Intrathecal Enzyme Replacement Therapy - ERT Phase I/II Clinical Trial - Phase I/II Results!

At LDN-WORLD (Feb 2017) Shire shared results of the Phase I/II study. They look very promising. See here for a copy of their poster.

Enrollment is completed for this Phase I/II Clinical Trial studying HGT-1110 intrathecal Enzyme Replacement Therapy.

Study Summary – Every other week intrathecal injections for 40 weeks via an intrathecal drug delivery device (port) implanted in the patient's abdomen.

Cohorts – The study will be performed over the next couple of years with 15 patients divided into three cohorts of five patients each at increasing dosages of HGT-1110.

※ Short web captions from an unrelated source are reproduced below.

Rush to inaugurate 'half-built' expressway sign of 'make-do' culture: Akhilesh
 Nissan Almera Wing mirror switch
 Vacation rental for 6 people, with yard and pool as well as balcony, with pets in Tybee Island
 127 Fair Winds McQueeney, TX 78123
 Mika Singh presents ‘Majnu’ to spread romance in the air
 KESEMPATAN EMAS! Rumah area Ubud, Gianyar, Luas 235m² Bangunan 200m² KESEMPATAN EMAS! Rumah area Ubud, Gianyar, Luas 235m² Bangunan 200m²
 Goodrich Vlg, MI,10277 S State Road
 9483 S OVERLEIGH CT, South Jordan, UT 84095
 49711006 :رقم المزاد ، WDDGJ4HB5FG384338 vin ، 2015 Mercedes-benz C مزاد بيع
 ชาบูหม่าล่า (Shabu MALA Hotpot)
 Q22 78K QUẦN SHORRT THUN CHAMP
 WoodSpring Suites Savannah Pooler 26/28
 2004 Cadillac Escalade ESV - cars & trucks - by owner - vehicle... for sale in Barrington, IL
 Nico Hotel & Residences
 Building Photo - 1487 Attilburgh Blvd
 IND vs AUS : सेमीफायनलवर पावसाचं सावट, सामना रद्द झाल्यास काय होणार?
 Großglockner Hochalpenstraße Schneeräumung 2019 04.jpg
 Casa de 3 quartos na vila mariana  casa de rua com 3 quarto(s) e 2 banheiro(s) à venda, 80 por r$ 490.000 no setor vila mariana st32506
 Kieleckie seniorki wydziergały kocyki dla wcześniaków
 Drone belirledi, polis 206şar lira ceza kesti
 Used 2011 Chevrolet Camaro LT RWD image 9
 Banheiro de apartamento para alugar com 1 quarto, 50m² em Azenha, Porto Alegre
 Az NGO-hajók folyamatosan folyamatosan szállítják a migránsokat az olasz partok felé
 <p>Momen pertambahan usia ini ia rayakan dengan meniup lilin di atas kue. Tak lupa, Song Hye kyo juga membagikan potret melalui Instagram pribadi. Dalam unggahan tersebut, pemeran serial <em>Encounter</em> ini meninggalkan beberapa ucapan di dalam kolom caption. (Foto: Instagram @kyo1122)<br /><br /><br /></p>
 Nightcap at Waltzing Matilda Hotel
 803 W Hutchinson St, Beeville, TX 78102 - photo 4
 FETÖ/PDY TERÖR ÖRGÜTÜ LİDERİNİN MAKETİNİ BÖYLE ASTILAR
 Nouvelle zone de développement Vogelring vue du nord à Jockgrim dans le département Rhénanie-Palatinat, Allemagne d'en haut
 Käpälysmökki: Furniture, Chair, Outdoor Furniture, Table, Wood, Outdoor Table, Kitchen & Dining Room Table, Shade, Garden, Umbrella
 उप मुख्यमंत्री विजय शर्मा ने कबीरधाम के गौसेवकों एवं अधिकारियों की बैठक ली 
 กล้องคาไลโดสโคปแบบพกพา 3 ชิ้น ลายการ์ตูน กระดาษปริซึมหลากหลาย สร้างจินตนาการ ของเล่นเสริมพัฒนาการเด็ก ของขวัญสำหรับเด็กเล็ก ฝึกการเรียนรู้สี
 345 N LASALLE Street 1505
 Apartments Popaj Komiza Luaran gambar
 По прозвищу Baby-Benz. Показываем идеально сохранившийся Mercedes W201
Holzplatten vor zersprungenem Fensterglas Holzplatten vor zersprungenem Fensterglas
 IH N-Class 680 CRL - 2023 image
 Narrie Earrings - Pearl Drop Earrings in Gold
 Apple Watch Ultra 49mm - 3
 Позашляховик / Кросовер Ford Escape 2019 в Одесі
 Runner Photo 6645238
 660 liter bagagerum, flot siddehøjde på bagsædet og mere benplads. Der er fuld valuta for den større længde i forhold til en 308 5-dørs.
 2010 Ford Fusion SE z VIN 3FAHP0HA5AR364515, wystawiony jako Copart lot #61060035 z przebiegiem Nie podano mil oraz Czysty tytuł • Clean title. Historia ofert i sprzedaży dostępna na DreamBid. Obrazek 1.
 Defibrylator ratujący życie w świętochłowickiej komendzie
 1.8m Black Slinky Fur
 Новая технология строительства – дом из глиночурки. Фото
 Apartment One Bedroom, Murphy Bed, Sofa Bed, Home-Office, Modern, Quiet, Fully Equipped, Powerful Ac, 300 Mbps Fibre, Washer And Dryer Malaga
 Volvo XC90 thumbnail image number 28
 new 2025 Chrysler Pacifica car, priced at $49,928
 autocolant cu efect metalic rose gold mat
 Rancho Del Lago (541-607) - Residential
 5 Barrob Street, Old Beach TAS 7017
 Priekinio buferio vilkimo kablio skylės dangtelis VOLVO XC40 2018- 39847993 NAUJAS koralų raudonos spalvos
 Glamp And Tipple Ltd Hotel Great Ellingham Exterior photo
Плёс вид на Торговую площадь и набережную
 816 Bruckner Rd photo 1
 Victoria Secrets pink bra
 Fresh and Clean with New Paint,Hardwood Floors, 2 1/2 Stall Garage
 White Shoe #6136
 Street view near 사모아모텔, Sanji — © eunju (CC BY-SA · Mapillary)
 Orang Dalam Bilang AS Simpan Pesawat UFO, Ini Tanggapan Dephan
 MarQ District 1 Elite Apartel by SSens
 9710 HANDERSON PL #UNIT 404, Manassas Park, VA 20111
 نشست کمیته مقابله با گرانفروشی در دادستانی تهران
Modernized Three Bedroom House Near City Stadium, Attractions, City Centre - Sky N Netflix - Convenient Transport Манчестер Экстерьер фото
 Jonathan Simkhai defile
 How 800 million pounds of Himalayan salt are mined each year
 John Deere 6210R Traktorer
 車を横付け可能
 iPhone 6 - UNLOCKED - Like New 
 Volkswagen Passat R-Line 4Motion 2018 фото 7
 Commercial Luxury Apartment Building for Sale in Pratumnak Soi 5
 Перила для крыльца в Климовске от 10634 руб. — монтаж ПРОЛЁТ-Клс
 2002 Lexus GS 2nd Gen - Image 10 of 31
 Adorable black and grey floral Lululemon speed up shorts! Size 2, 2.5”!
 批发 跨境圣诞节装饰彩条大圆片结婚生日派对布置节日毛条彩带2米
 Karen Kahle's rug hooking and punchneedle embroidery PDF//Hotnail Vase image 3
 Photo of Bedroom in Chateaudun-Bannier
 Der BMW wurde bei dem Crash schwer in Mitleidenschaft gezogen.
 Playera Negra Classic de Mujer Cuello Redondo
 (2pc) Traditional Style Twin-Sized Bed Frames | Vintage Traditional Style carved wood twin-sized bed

Inclusion criteria – includes being ambulatory at the time of screening for admission into the trial, first symptoms before 30 months of age, and under the age of 8. Exclusion criteria includes participation in any other ongoing Clinical Trial and any sort of prior transplant. See full inclusion criteria below.

Placebo – there will be 5 placebo patients in the trial (2 each in the lower dose cohorts and 1 in the higher dose cohort). A placebo is the most efficient way to directly observe the impact of the therapy and should lead to faster and more definite post-trial data analysis and conclusions.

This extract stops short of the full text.